It was  through a conversation with a friend that I learned of the degree requirement. Yes of course I had seen it on the posting on Workopolis, but most places put stuff like that in the posting, it’s not always cast in stone. Directly related work experience, particularly a decade of it, should trump a piece of paper that only proves you can regurgitate. (And if I hear the old “University teaches you how to think” crap again, I will have to punch whoever said it in the balls. I’ve worked with far to many Master degrees who couldn’t think their way out of a wet paper sack. )

Anyway, let’s get into the chronology of what happened when, as briefly as possible.
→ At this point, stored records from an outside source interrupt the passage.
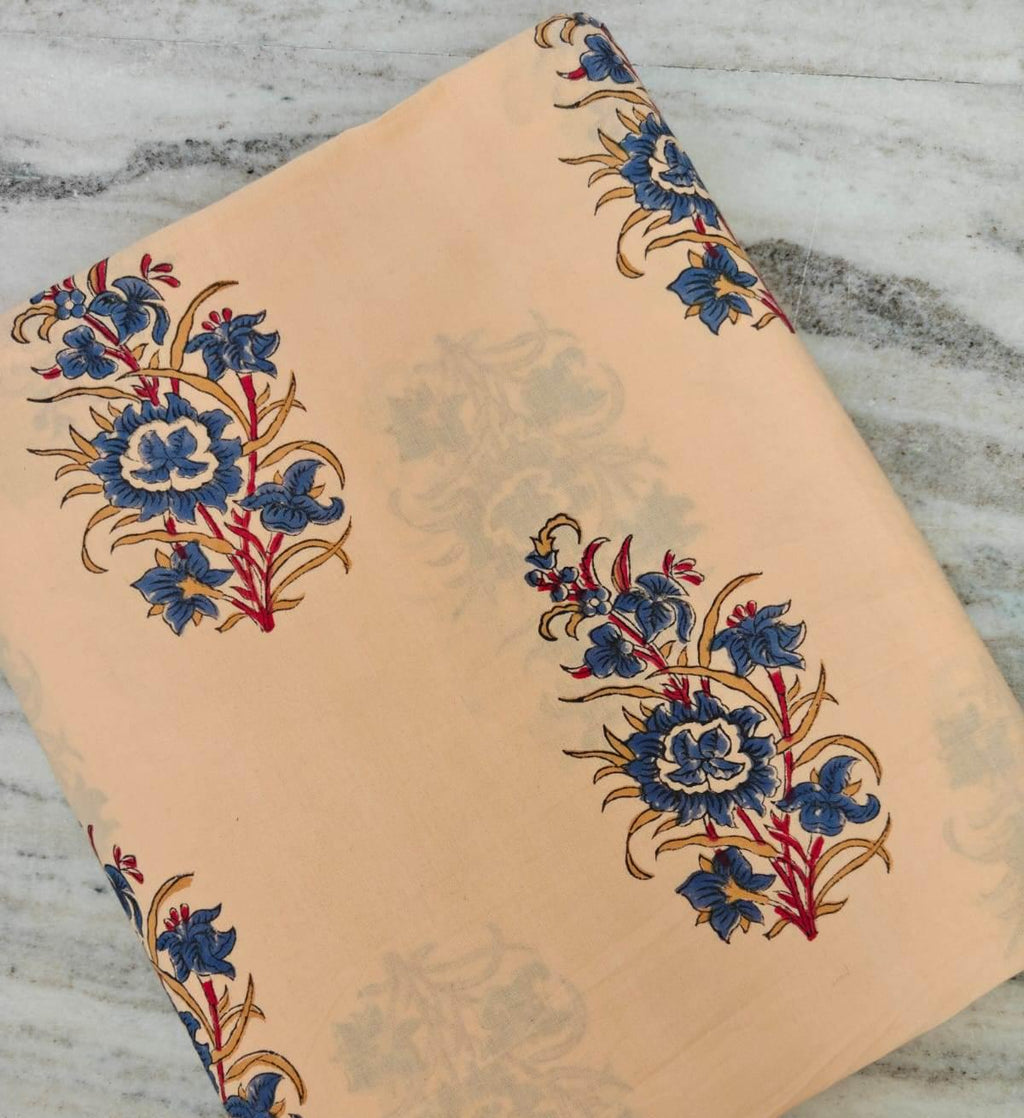 Peach and Blue Indian Hand Block Print Fabric, Floral 100% Cotton Quilting Fabric By The Yard, Fabric For Dress Making, Loose Running Fabric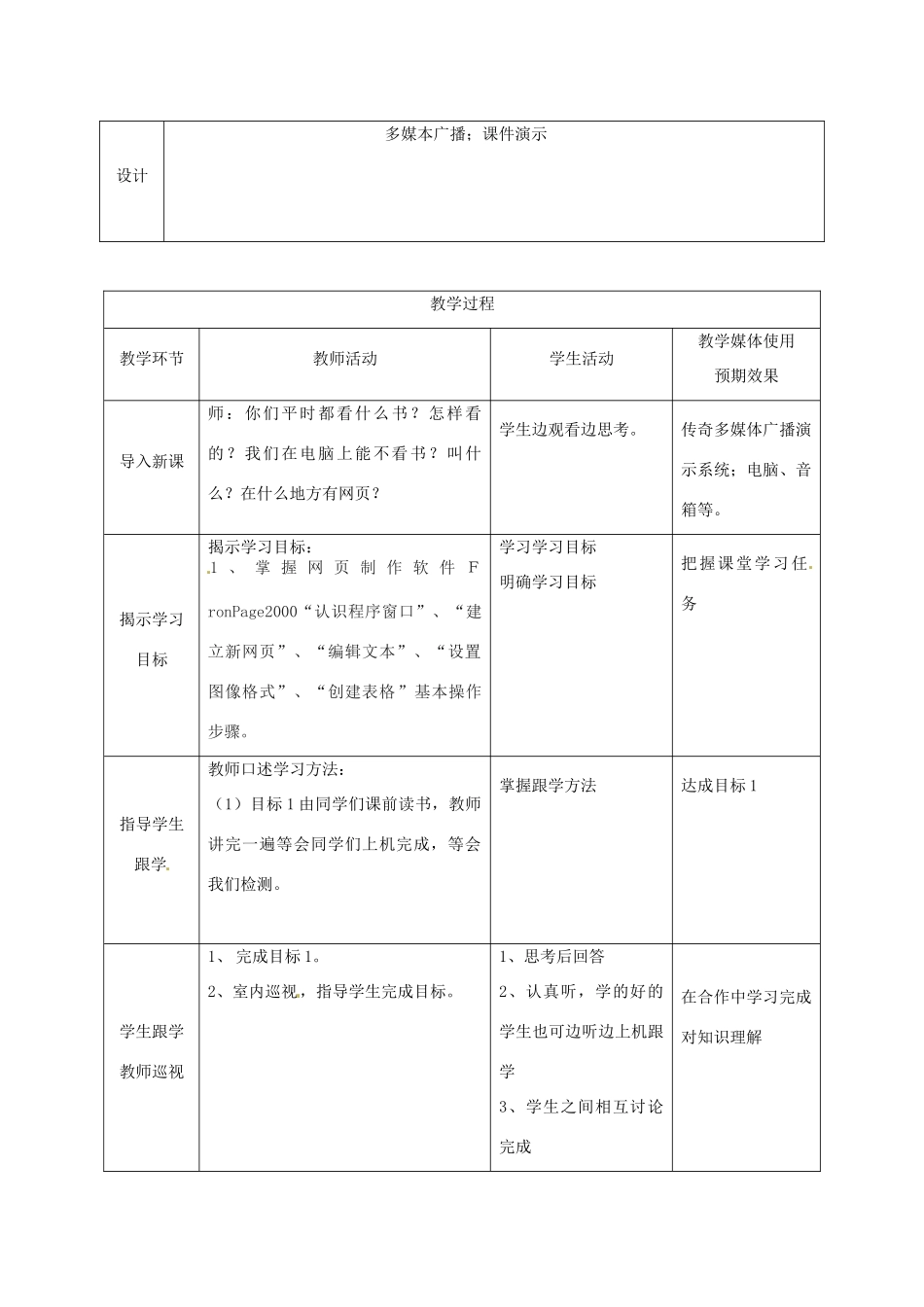高中信息技术下册《第19课时 简单网页》教案-人教版高中下册信息技术教案_第2页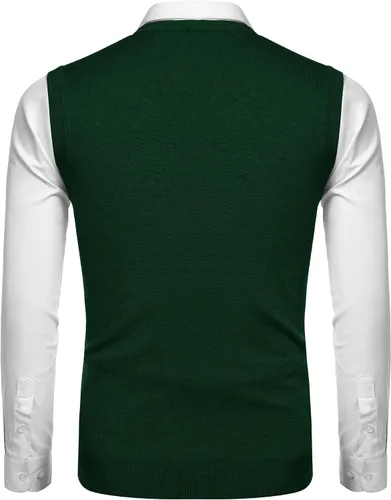Miniatura 43 de Amussiar Suéter casual para hombre, chaleco con cuello en V, ajustado, sin mangas, suéter de punto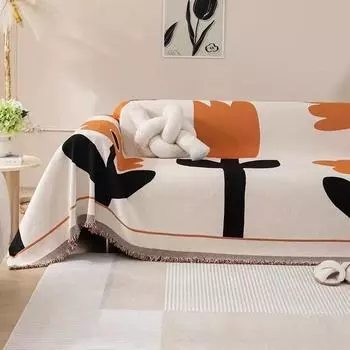 Синель Тюльпан Цветок Диван Салфетка Украшение Сезонная Универсальная Подушка Для Дивана Цельный 180*130cm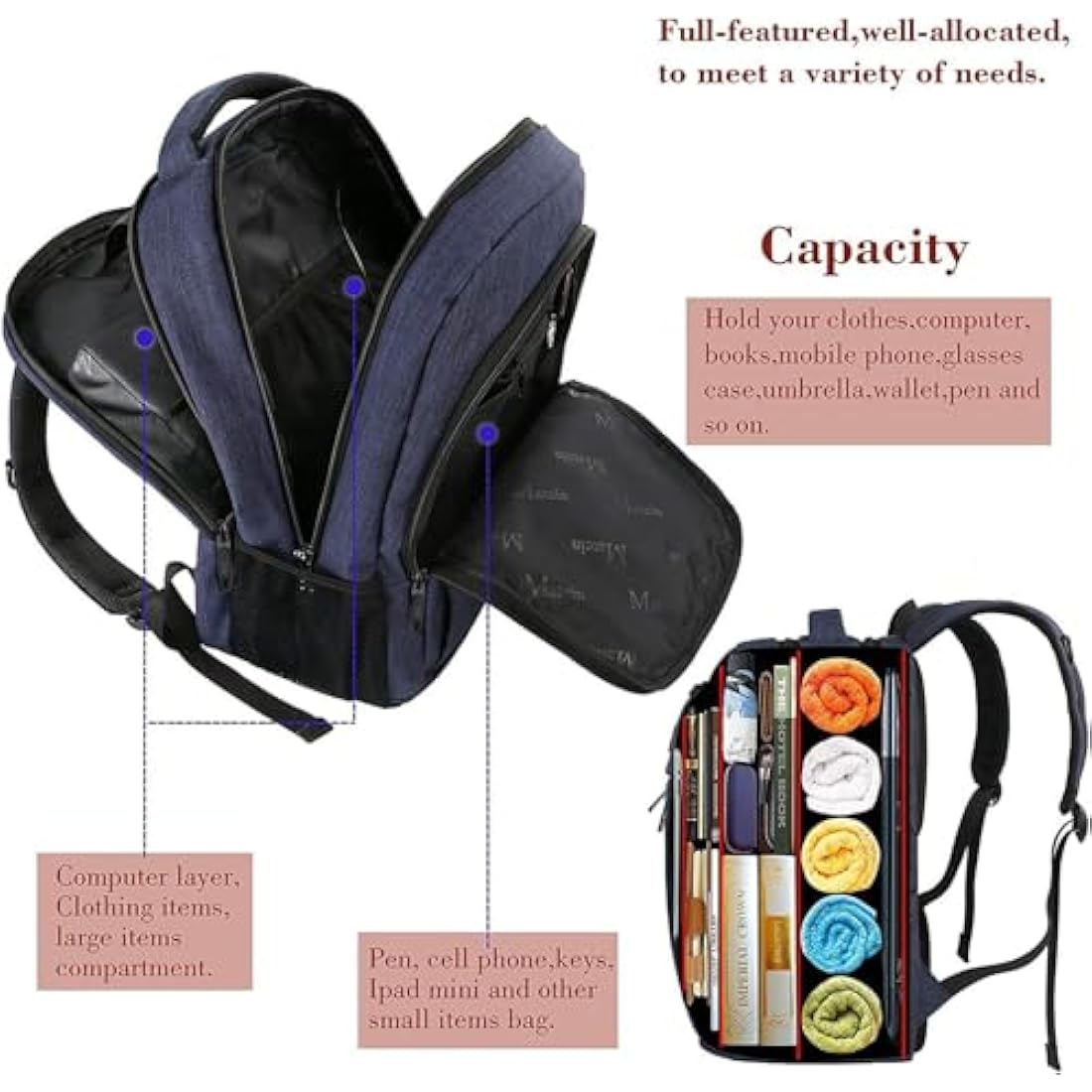 MATEIN 15.6" Travel Laptop Backpack | USB Charging & Anti-Theft - Navy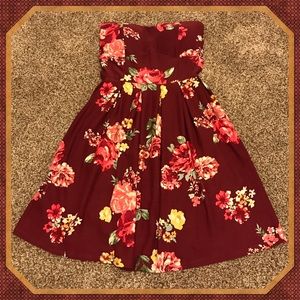 Strapless Floral Print Dress sz. XS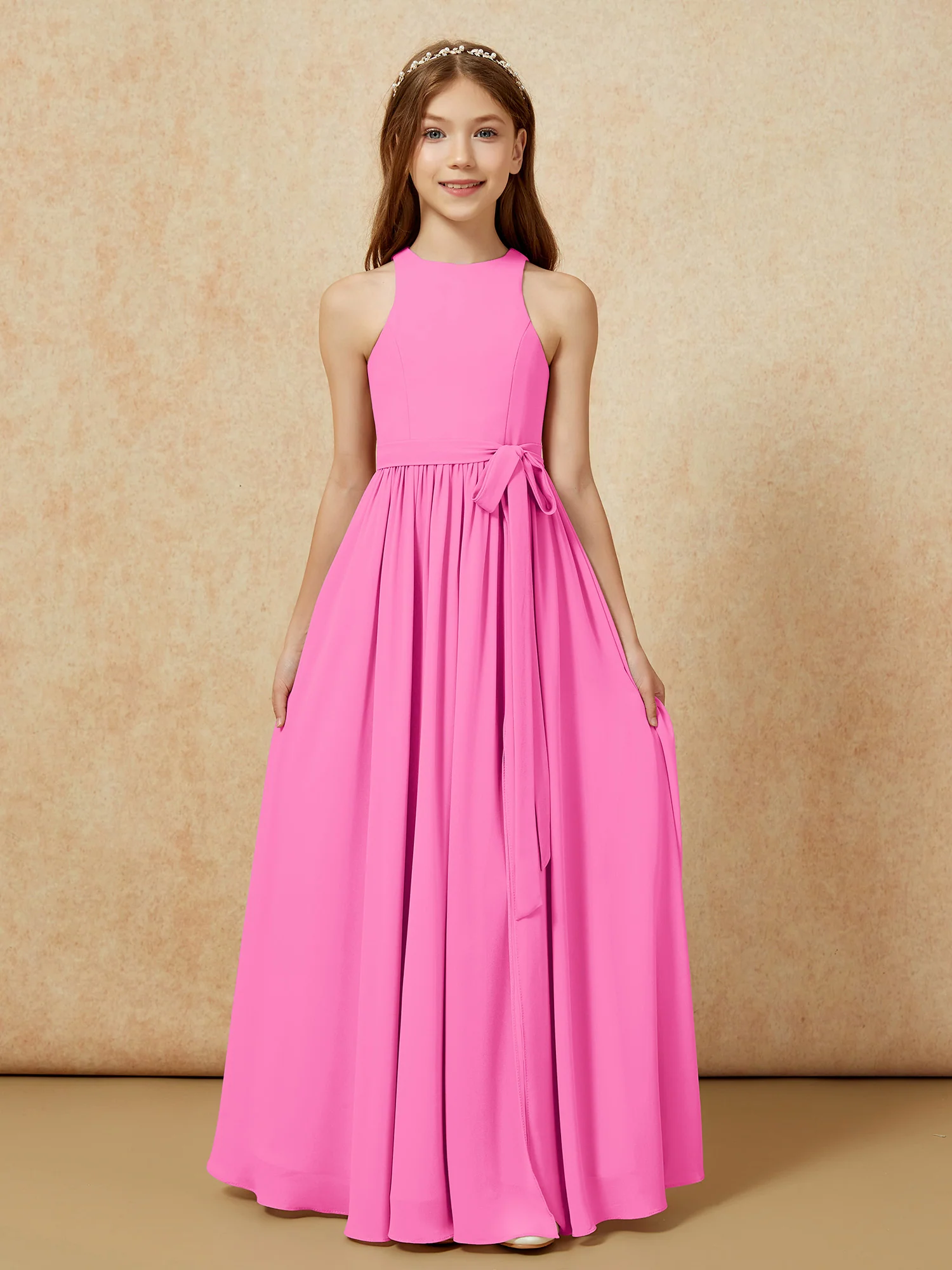 Simple sleeveless chiffon Junior Bridesmaid Dress Azalea - Image 8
  • We find out the positions are being absorbed by the client
  • I meet with the hiring manager, someone I’ve worked for and known for many years. We discuss the positions and I give him a few thoughts I have on how it could best work for him. We discuss the degree situation (nobody on my team has one)  and he looks concerned. He says he will see what he can do.
  • After the holidays, I wait a few days and decide it’s best to follow up. He then gives me the news. The lack of a degree will be “an insurmountable obstacle”
  • I then realize that because my department’s role is being brought in-house, none of the new agencies coming online to pick up the work will need me. So I can’t work for the client, and the agencies don’t need me. I’ve been hung out to dry.
  • After a few days I get my head around it. Ok, Fine. I’ll be fine. I start the process of accepting my fate. I even start to get a little excited about doing something new.
  • A week goes by, nothing more is heard
  • Then, out of the blue, I get call for an interview. Despite my best efforts, I start to get hopeful again. Maybe the “degrees” they were interviewing weren’t so hot, maybe they are coming to their senses
  • The interview was one of those behavioral type interviews. I felt I did very well, but you never really know for sure.
  • I find out afterwards that my counterpart in the US,  the manager of the same team in our US office, has also been interviewed. He is a Canadian but commutes to the US office every day. (this is common in Windsor). He is a friend, I went to school with his brother.
  • Another week goes by, nothing.
  • I get a call at home from my friend in the US.  Despite not having a degree either, he got one of the three positions. In fact, he was offered the lead role. I congratulate him. He is confident I will be offered one of the other two spots. Says he has a gut feeling. He says it would only make sense. The best of the best for this three person team. I am happy for him but I don’t have the same gut feeling he does.
  • I wait another week, still no news.
  • As the end of January approaches, the end of my employment, I start to get very frustrated  again. I just want to know. But still, nothing.
  • Three days before the end, our company has a get together at a pub. Open bar. The pub is called “The Pour House” Funny eh?
  • After a few drinks, I leave the party and head back to the office to pack up my desk and box up all my belongings. It’s becoming very real at this point. Just before leaving I e-mail the hiring manager to inquire about the status of his hiring process.  I ask him to advise me if I am still under consideration.
  • We play phone tag for a bit, but we eventually connect and I find out what I had already suspected. He has gone “in a different direction” The thought is that they want “people who can learn the role quickly and then do it well for a maybe a few years and then move up in the company” What is implied is that you need a degree to move up. I know this to be true. In fact a degree is the price of admission only. In order to move up a Masters degree is required.
  • I thank him for the call, and offer up my services if he should need me on an interim basis during the transition.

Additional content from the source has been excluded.